Caveat: While I try not to center myself here, as Pride is definitely not about me, I can’t but contrast certain things to myself. After all, everyone has to experience the world through their own eyes, even if we know and understand that we are not the main character outside of our own lives. So, sorry to bring myself up so many times in the text below. I just couldn’t process this any other way. That’s on me. But hopefully I do manage to talk about something interesting here.
Last year I wrote about the Sexuality in Borderlands. The thing is that in many ways sexuality, as we know it, doesn’t actually exist in Borderlands.
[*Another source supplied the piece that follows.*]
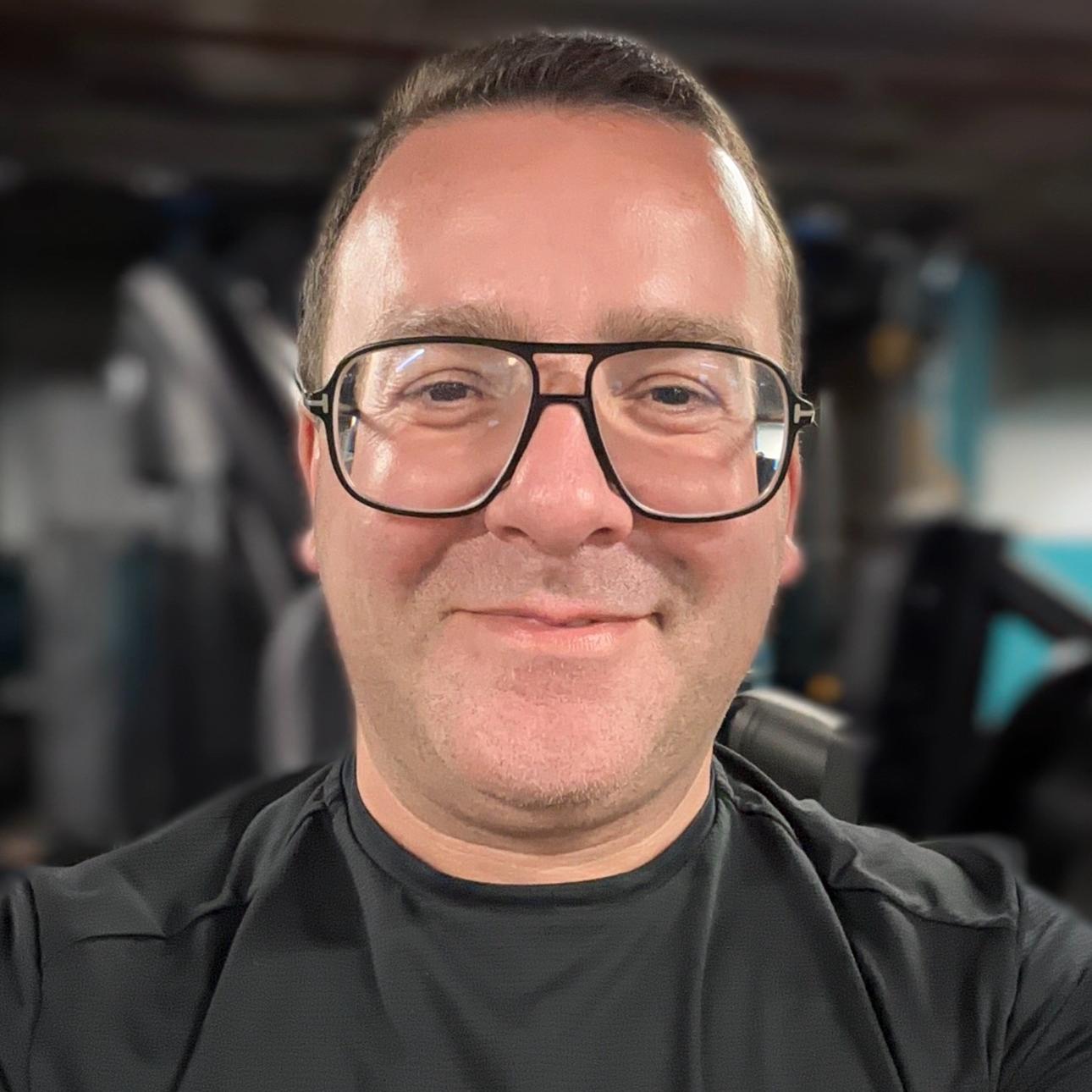 Male sports masseur in St Albans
While many of the characters are cis-heteronormative, that’s us imposing that normativity on them. They don’t care. To them it’s all normal, so there is no normativity in this regard. When Janey Springs turns down Torgue, she says she doesn’t date guys. It’s not her sexuality. It’s just her personal preference. Many of the NPCs don’t have these kinds of gender-based preferences. Like Torgue. He has had relationships with both genders, as have Axton, Tannis, Ellie and Moxxi. Even Hammerlock, our supposed token gay character, has expressed bicuriosity. Well, something I would consider bicuriosity from my or our point of view.
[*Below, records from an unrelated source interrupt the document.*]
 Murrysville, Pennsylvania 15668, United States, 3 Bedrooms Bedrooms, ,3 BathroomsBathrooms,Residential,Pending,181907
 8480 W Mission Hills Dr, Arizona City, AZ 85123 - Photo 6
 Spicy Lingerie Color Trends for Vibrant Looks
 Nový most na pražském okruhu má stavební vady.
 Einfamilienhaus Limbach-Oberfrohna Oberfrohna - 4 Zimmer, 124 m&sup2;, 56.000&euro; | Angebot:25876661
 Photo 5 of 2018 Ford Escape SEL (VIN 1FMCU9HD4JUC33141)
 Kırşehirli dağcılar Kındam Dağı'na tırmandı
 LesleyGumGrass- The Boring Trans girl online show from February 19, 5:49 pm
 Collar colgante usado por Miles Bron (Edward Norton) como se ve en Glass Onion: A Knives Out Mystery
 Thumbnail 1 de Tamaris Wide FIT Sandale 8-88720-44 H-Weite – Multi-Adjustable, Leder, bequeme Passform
A couple of days ago I was at Kiasma (a museum of contemporary art in Helsinki). One of the exhibitions was by Simon Fujiwara, a British artist, and his character Who Bear. “Who” is a character who has a very flexible identity. “Who” is just whatever is needed for the moment. There’s a section, which I assume Fujiwara made especially for Helsinki, with various Finnish things imposed with the “Who”-face in some way or another. There’s also a section with Warhol-style popart of soupcans with “Who” drowning in them. Here’s a link I hope will work in the future as well. Those soupcans are titled “sexuality”, “gender”, “class” and “race”.
Sure, these are things that are often a huge part of our identity, but as a white cis-het middle-class male, I keep thinking about how much do we really want to emphasize these? In this regard I’m fully default. Sure, we shouldn’t see me as default, but that’s the way the world has been built. I’m definitely not saying it’s the right way, though. Still, in most situations, I don’t have to think about these. Do others, who are not the default, having to exist in a world that’s not built for them, have to be aware of them being different at all times? Can you relax unless you are among your own? I mean, certain conservatives keep saying transfolk don’t understand gender, but if you spend a fucking minute thinking about it, transfolk and non-binaries and other genderqueer people are much more aware of the topic, because they have to be. They have a much deeper understanding of all of this, because us cisfolk never have to put any thought into it.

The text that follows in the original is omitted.